More about the Clinical and Translational Science Ontology Group (CTSOG) and previous meetings.

Feb 23 - 24, 2023 - Charleston, SC

Charleston

Background

The Clinical and Translational Science Ontology Group (CTSOG) invites you to join us February 23-24, 2023, in Charleston, SC to discuss the role of ontologies in improving electronic health records (EHR) systems by advancing semantic interoperability, translational research, and artificial intelligence (AI). As health data increases in volume and complexity, and artificial intelligence applications gain momentum, the need for careful planning and interoperability becomes more critical. The purpose of this workshop is to explore new paradigms in EHRs, by examining successes and failures of ontologies and AI in different areas of biomedicine and their role in equitable healthcare.

Themes

  • Improving the EHR with ontologies and with AI
  • The functions of the EHR and other healthcare documents
  • Social Determinants of Health
  • Mental health
  • ChatGPT

Organizers

Workshop Co-organizers

Bill Hogan, Jihad Obeid, Barry Smith

CTSOG Co-chairs

Bill Hogan (University of Florida College of Medicine, Gainesville, FL), hoganwr@ufl.edu

Barry Smith (University at Buffalo, Buffalo, NY), phismith@buffalo.edu

Sponsors

  • Medical University of South Carolina, the Biomedical Informatics Center and:

Mark III Systems            NVIDIA            TriNetX

Venue

Biomedical Informatics Center

Medical University of South Carolina

Address: 22 Westedge St, Charleston, SC 29403

Directions: From Courtyard Marriott on Lockwood

  • 10 minute walk, 0.4 miles, safe crosswalks along the route
  • Hotel shuttle – runs periodically, need to ask hotel desk for timing details.

Paid parking:

  • Parking deck at 10 WestEdge (building before 22 WestEdge, with Publix on bottom floor)
  • App-based parking next to 22 WestEdge building (signage with instructions posted onsite)

Hotel

Courtyard by Marriott Charleston Waterfront

Address: 35 Lockwood Dr, Charleston, SC 29401

Phone: (843) 722-7229

Feb. 22-23 reservation link

Feb. 24-25 reservation link (use this link if you are extending your stay in Charleston through the weekend)

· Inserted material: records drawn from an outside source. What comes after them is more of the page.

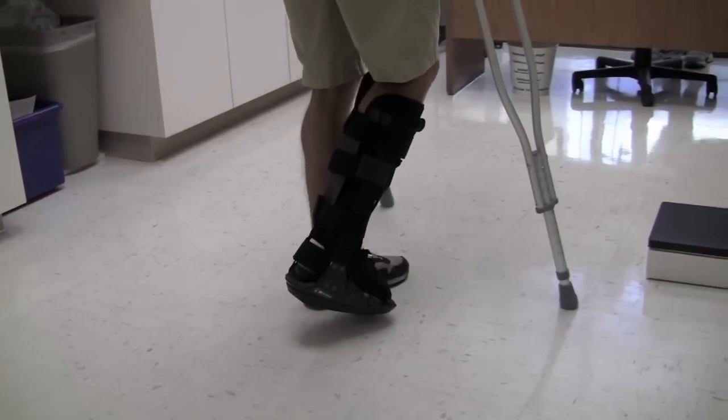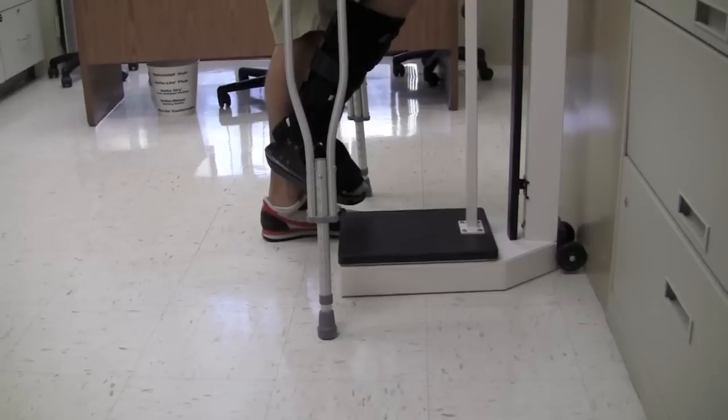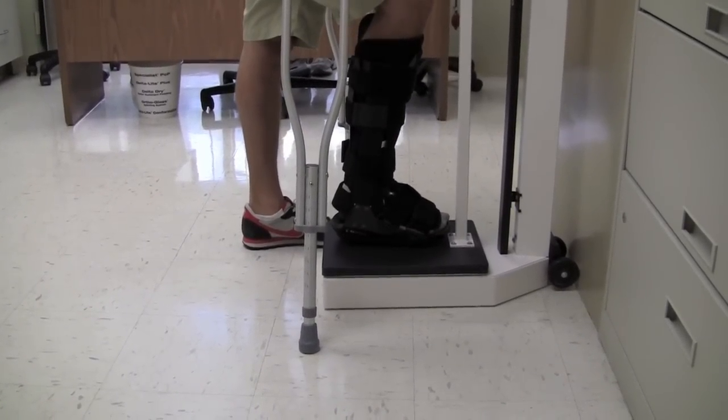In this video we demonstrate partial weight bearing. The patient is going over to the scale to determine how much weight is being placed on the foot.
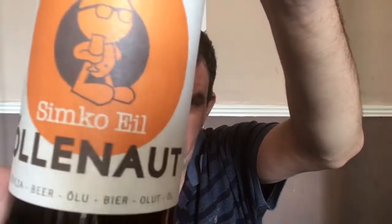Then we've got — I'm guessing this is the beer of the month — Simcoe Ale by Olernault, and that's an American pale ale. Maybe it's Simcoe Pops, who knows.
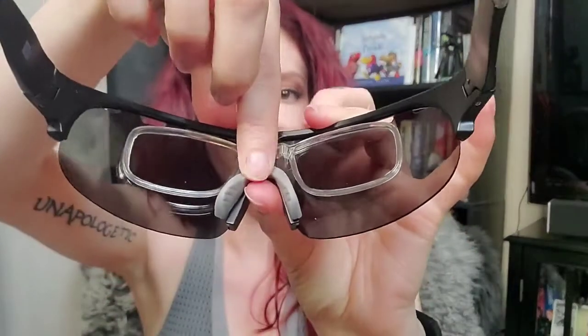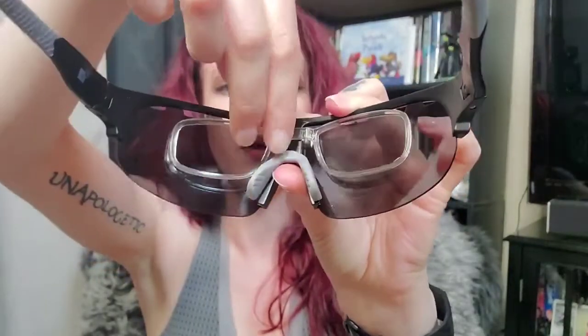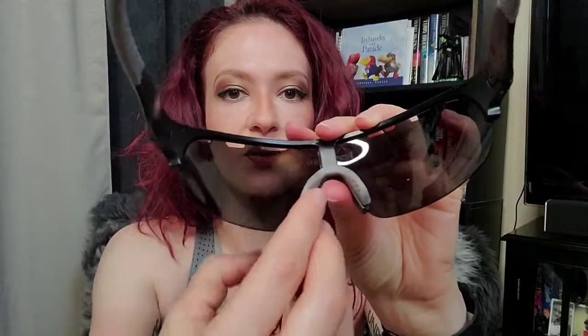They've got rubber edges so they'll grip to your face, especially when you're sweating. I use these for working out. They also have myopic frames — they slide down, you can slide them up, you can even take them out. They are not necessary, only if you need them. The nose piece is also adjustable, which is super useful, and they're polarized.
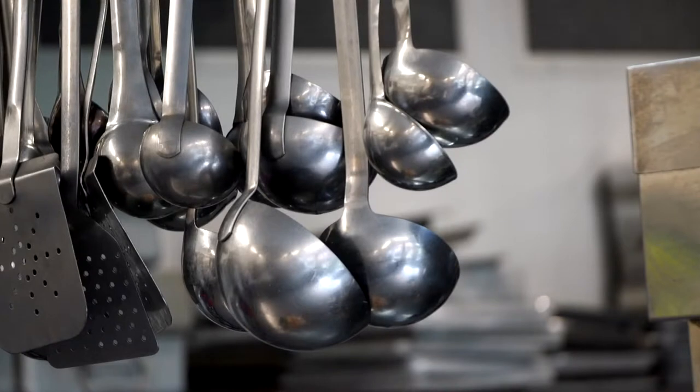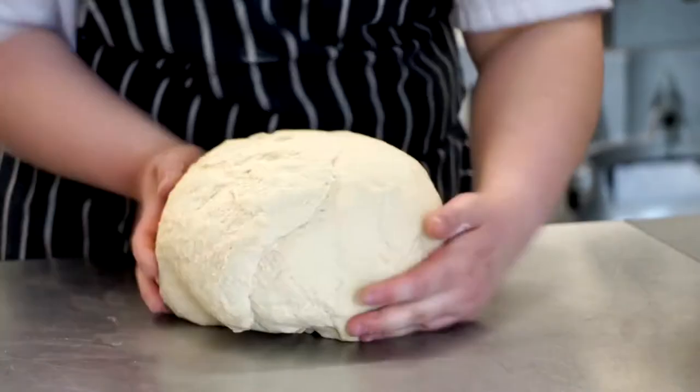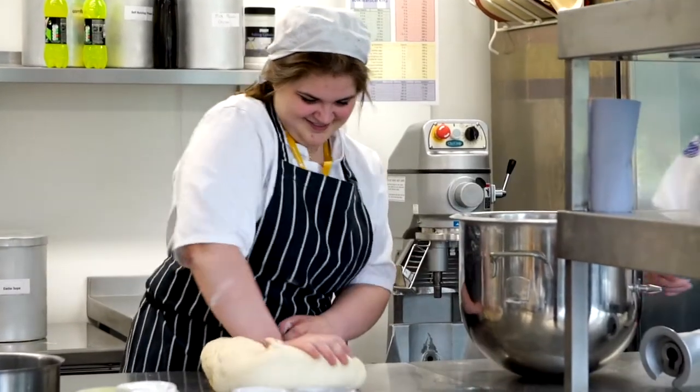We challenge them to come up with ideas themselves about improving. As they lead on to the assessments we look back at what they've done previously and ask them to really look at how they can make an improvement to their dish, so they can stretch and challenge themselves to get a higher grade. Because it's very much a visual field as well — if it looks nice on the plate they can take a photograph of that themselves, use it for their records, then look back at what they've done previously and how they can improve on it.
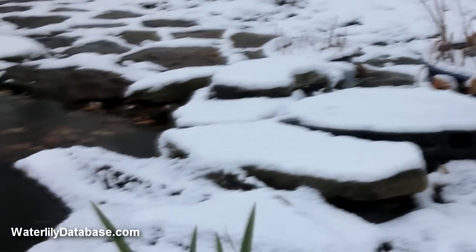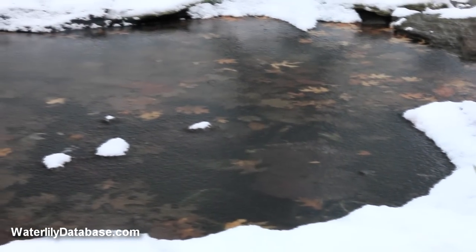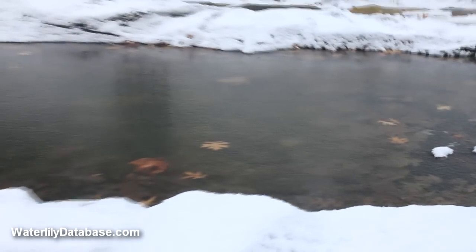Make sure you put your pond de-icer in your pond and plug it in during a thaw when the water is unfrozen. If you wait to plug it in after the pond is frozen, you may damage the unit.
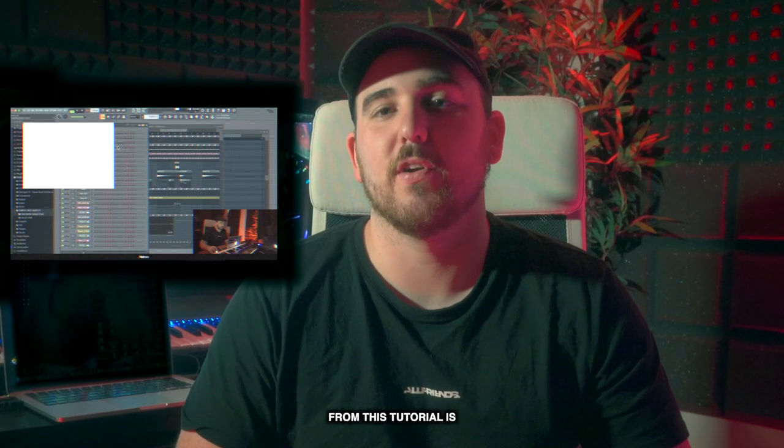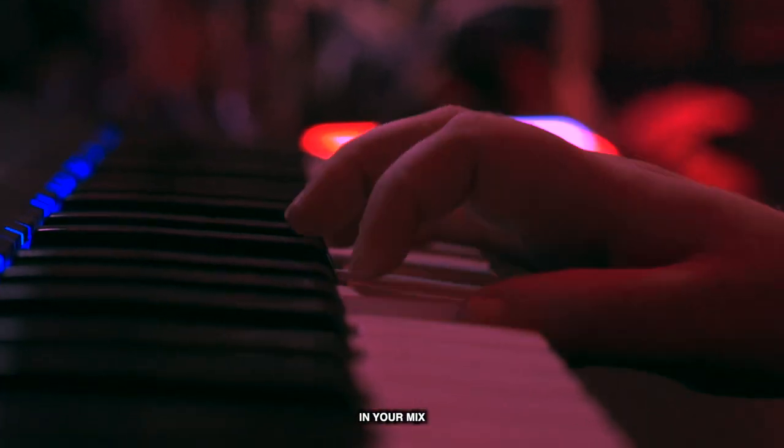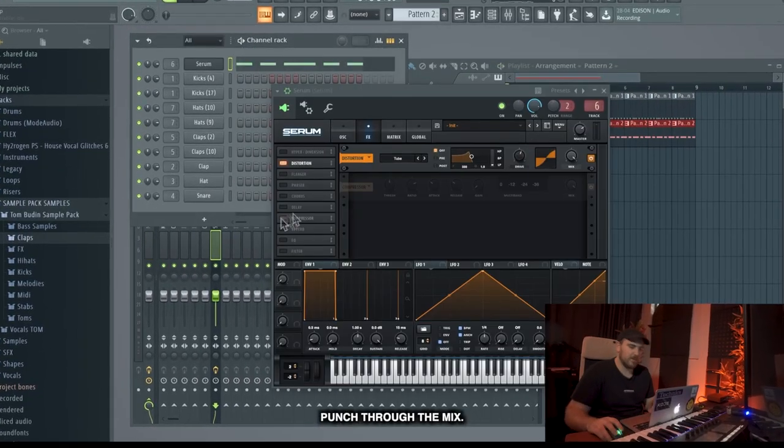The biggest takeaway from this tutorial is how to tame your sounds and tame frequencies in your mix to make your mix sound more professional, as well as how to use distortion techniques to make your bass lines punch through the mix.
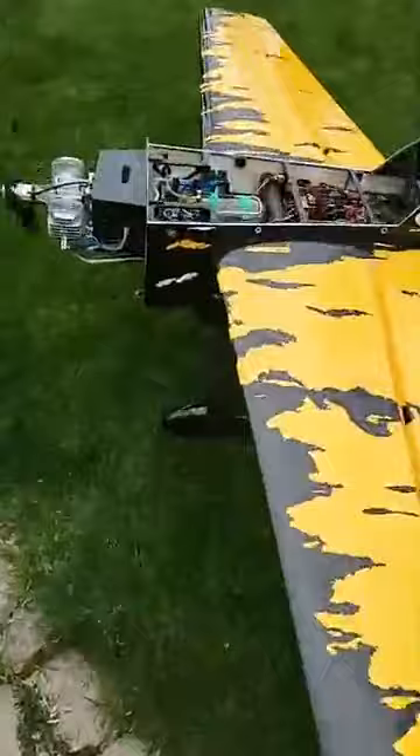Alright, this thing's been running for quite a while now — of course it's not at full throttle — and I still have one third of a tank, so I think I'm going to cut it off here. I'll see you guys later. Thanks guys, see you soon. Be safe. Hope to see you guys at the field — bye!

If you have any issues registering, please call the hotel directly at 843-722-7229 and mention you are visiting for the CTSA Ontology meeting.

Registration

Registration is free.

However, registration is required for planning purposes. Please register for the workshop using this form.

Agenda: Thursday Feb 23

08:30a: Breakfast and Networking

09:00: Introduction to the meeting

09:15

  • Barry Smith and Jobst Landgrebe: Discussion on AI and Medicine, with a special focus on ChatGPT

Abstract: How are we to explain the peculiar tendency of ChatGPT to throw up what are called ‘hallucinations’? To answer this question we will draw on our book Why Machines Will Never Rule the World, whose core thesis is that an artificial intelligence that could equal or exceed human intelligence—sometimes called "artificial general intelligence" (AGI)—is for mathematical reasons impossible. The argument for this thesis rests on the fact that (1.) human intelligence is a capability of a complex dynamic system—the human brain and central nervous system, and (2.) systems of this sort (like all organic systems) cannot be modelled mathematically in a way that would allow the models to operate inside a computer. We survey on this basis the potential of AI in the future of clinical and translational research.

--break--

11:00

  • Discussion and brief presentations on:
The Clinical and Translational Science ontology landscape in 2023
Opportunities for AI in medicine
Will AI make ontologies redundant?
TBD

12:30-01:30p Networking and Working Lunch

01:30-3:00p Working sessions/Presentations

  • Yonghui Wu: A large language model for electronic health records.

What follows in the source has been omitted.